II. Procedural History

Plaintiff filed her original complaint on September 11, 2018. ECF No. 1. This Court dismissed Plaintiff's class claims sua sponte, because "a nonlawyer cannot bring suit on behalf of others," and, therefore, "a pro se plaintiff cannot act as a class representative." Order of Service at 3, ECF No. 8. The Court also dismissed Plaintiff's claims against three state officials—Governor Andrew M. Cuomo, Betty A. Rosa, Chancellor, New York Board of Regents, and Mary Ellen Elia, New York State Commissioner of Education and President of the University of the State of New York—as barred by the Eleventh Amendment "and as frivolous," and directed service upon Solomon, Cintron, Carranza, and the DOE. Id. at 4. That same day, the Court referred the case to the Honorable Barbara C. Moses, Magistrate Judge, for general pretrial management.
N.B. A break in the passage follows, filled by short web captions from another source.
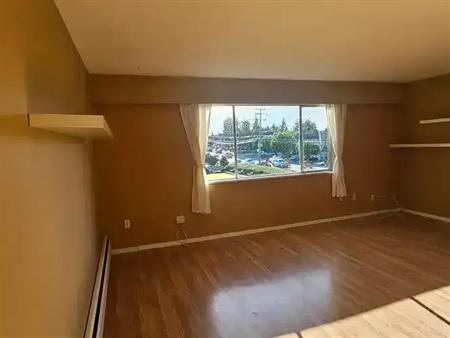 Top floor south and west facing corner-unit, spacious 2 Bedroom / 1 Bathroom apartment with outdoor pool $2,300 (Delta), 920 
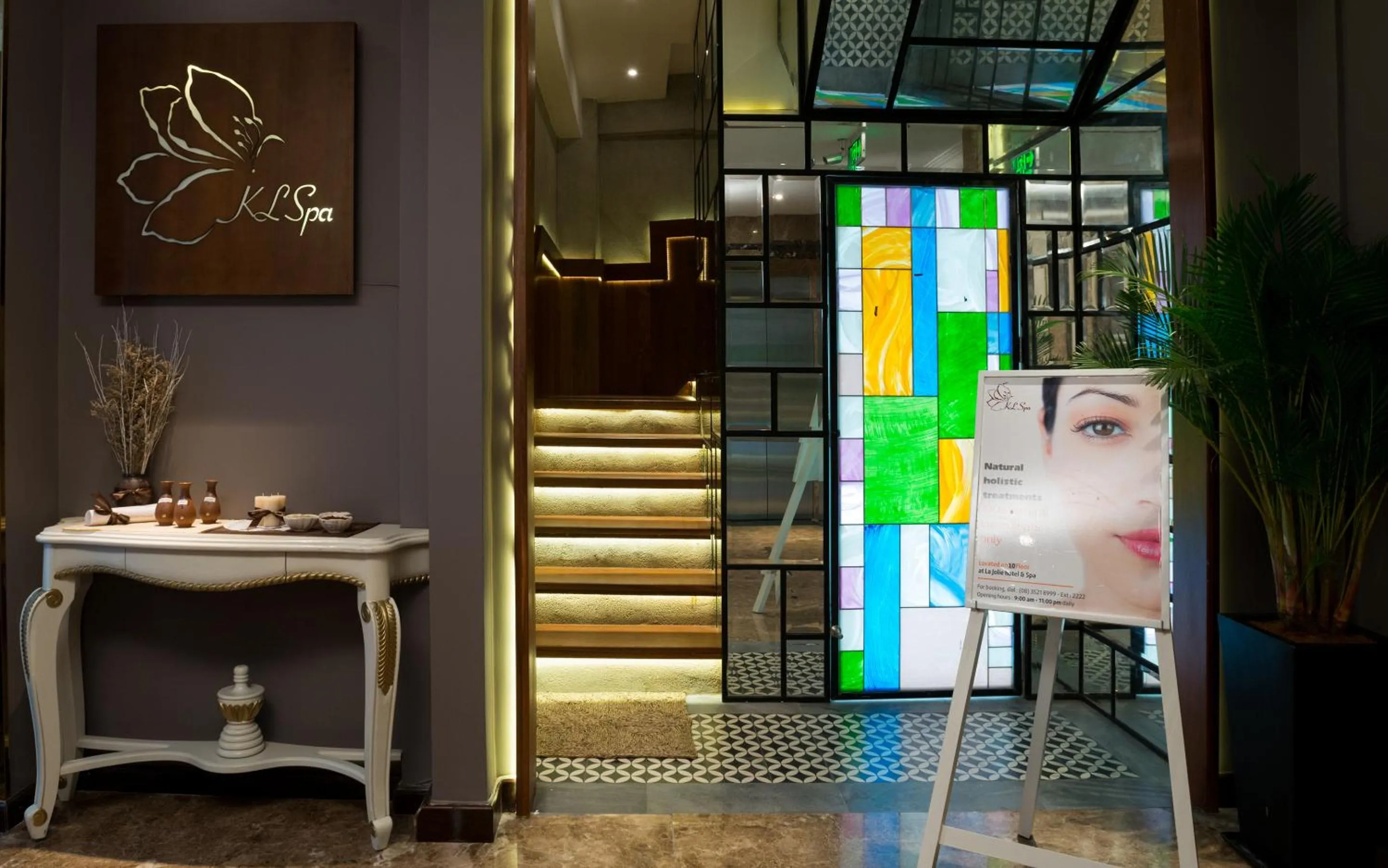 Massage in Silverland Jolie Hotel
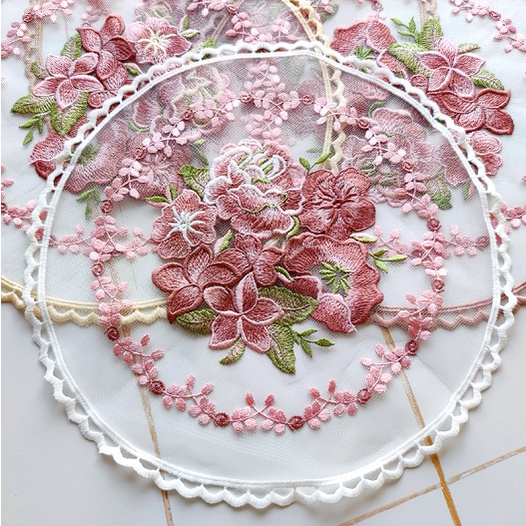 Tấm lót bàn ăn lọ hoa hoa lan đào hồng tròn vải ren thêu đăng ten REN4 họa tiết phong cách Bắc Âu vintage 30cm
ECF No. 11.

On February 21, 2019, Plaintiff filed an amended complaint. Compl. The complaint names 24 defendants, including the dismissed New York State defendants. See generally Compl. On February 26, 2019, this Court reiterated that the state Defendants had been dismissed. ECF No. 26. On May 20, 2019, Solomon, Cintron, Carranza, and the DOE moved to dismiss the complaint. ECF No. 30. On May 2, 2019, Plaintiff filed (1) oppositions papers, ECF No. 45, (2) a cross-motion for summary judgment, ECF No. 48, (3) a 158-page memorandum of law opposing Defendants' motion to dismiss and supporting Plaintiff's cross-motion for summary judgment, ECF No. 46, and (4) a 142-page declaration, titled "The Prima Facie Case for God's Existence," ECF No. 47. Because Plaintiff's memorandum of law was more than six times the permitted length, Judge Moses struck it and ordered Plaintiff to file a memorandum of appropriate length by June 10, 2019. ECF No. 49 at 5. Plaintiff's cross-motion for summary judgment was also stayed as pre-mature. Id.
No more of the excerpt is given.